Sinner, prove di ripartenza verso New York. Gli allenamenti al chiuso per evitare occhi indiscreti

Non c’è soltanto la cappa della calura che incombe sulla placida Torino post-ferragostana; da un paio di giorni sulla città grava anche l’immagine di Jannik Sinner. Il numero uno del tennis mondiale è arrivato ieri mattina in macchina in città da Montecarlo, dove aveva festeggiato in famiglia il 25° compleanno, per sottoporsi ad ulteriori controlli al JMedical: sotto esame c’è sempre la tenuta del ginocchio destro che tanto lo fa penare. Ieri, in mattinata Jannik ha svolto un allenamento a porte chiuse al Circolo della Stampa Sporting, proprio sui campi in blu del Training Center che frequenta assiduamente ogni anno a novembre quando si tratta di preparare il debutto alle Atp Finals.

E oggi, invece, quali sono gli spostamenti cittadini del campione? “Oggi Sinner non ha in programma alcuna seduta di allenamento qui da noi” è pronto a giurare il presidente del circolo, Pietro Garibaldi, che non palesa il minimo segnale di esitazione. A buttar l’occhio ai movimenti attorno all’ingresso del club di corso Agnelli ci sarebbe da crederci: nessun appassionato che prova a curiosare, nessuna fuoriserie parcheggiata nel parking, nessun movimento anomalo che faccia pensare al transito del tennista più forte del momento.

Quella del presidente, però, potrebbe anche essere una – legittima – operazione di protezione della smodata esigenza di privacy pretesa dal fenomeno altoatesino. Tanto che ieri, proprio per evitare fughe di notizie, Jannik ha preferito allenarsi al chiuso nella canicola del Training Center piuttosto che approfittare dei campi in cemento all’aperto, quelli che sono appena stati rifatti e che sono in bella mostra, con quel verde vivido, ad appena pochi metri di distanza.
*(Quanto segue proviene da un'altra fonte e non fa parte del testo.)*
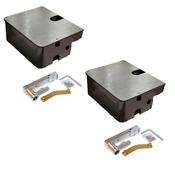 Able Automation  Cataphoresis finished steel foundation box with 110 opening and release levers SET FOR DOUBLE GATES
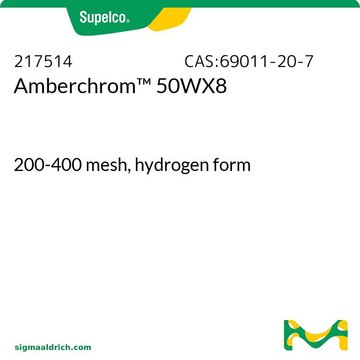 Amberchrom&#8482; 50WX8 200-400&#160;mesh, hydrogen form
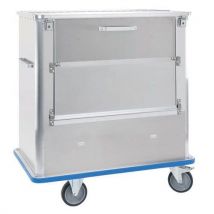 Chariot Conteneur Aluminium 1340x790x1475 + Pare-chocs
Lontano da occhi indiscreti, è la parola d’ordine di tutto un team che lavora all’unisono, completamente a fari spenti.

Ma se le bocche di chi lavora all’interno dello Sporting rimangono irrimediabilmente cucite, proprio dalle risposte evasive, dai sussurri un po’ imbarazzati di qualche socio particolarmente indiscreto, i dubbi potrebbero anche sorgere. E Jannik? In realtà, in queste ore ha ben altri pensieri: ciò che conta è capire come va il ginocchio, soprattutto in vista degli Us Open. E allora avanti con gli esami, con le terapie (onde d’urto) e con i consulti dei migliori ortopedici del mondo. Ma anche con un velo di ottimismo che pare farsi strada nel rumorosissimo silenzio che lo circonda: perché è vero che la partecipazione allo Slam americano resta in bilico e che Jannik volerà verso New York soltanto se sarà al cento per cento della condizione.

Ma nelle ultime ore pare farsi strada l’ottimismo della ragione, quello che potrebbe indurre Jannik a partire per la campagna d’America. Quando? Nel fine settimana, tanto che ci sarebbe addirittura chi sarebbe pronto a scommetterci. A occhi chiusi.